Dear Friends,
As someone who believes wholeheartedly in the transformative qualities of music, I support efforts to provide music and music education to those who can most benefit from it. Musiqa and its far-reaching music education programs give Houston students what they are missing, and much more.
Founded in 2002, the non-profit organization Musiqa presents innovative, interdisciplinary concerts showcasing contemporary classical music through arts integrated curriculum at Houston area Title 1 schools. At no cost to schools, Musiqa provides programs that include:
• in-school workshops
• 10-week or year-long school residencies
• teacher study materials
• bus transportation, and
• a downtown Musiqa performance at the Hobby Center
Musiqa’s music education programs are changing the lives of thousands of these students. By bringing music into the classroom and integrating it with subjects including English, Math, and Science, Musiqa is teaching students to think creatively so they have a chance to overcome predicted outcomes of the low socio-economic status they have inherited.

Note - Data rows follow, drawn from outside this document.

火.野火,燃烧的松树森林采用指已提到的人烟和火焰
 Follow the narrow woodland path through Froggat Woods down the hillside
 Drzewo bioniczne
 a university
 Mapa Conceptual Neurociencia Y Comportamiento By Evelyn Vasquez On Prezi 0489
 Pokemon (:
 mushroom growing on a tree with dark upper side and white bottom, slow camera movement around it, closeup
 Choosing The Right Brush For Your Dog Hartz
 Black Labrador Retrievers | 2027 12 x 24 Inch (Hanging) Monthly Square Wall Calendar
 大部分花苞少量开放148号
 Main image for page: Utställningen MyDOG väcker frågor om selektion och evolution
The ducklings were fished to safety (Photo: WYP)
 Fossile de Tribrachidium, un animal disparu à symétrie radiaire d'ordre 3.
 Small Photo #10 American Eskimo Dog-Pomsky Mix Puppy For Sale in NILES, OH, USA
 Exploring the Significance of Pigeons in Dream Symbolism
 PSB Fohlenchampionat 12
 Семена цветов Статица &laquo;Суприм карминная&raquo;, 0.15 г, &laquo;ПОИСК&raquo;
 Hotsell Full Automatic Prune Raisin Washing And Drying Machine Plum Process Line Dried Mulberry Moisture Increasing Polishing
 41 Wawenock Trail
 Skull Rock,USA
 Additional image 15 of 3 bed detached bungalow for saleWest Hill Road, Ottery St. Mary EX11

We need your support to bring this nationally award-winning program to the most underserved children of Houston. Help us offer these children a window into a better world, one of music and innovation, creative thinking, and flexibility to reach for higher goals in life. Please make a donation today and share our commitment to help children access arts integrated curriculum and achieve a better tomorrow.
Thank you,
Roger Hochman, President
Musiqa Board of Trustees
"Our students are very low income students. Any experiences that we can provide for them are valuable. Many have never been downtown, in a theatre, or heard live classical music. It enriches their lives, and broadens their horizons to music and careers they never knew existed."
HISD teacher at a Title 1 school commenting on Musiqa's educational programming.
“Creativity is not a specialized gift: Rather, it is an underlying mechanism of our mental lives...We need to train the whole brain. We need communities of richly mediated minds. Our future as a thriving, productive society-and species--depends upon it.”
Musiqa founder Anthony Brandt, describes the need, “Why Young Minds Need Art,” in a Houston Chronicle editorial, September 9, 2011.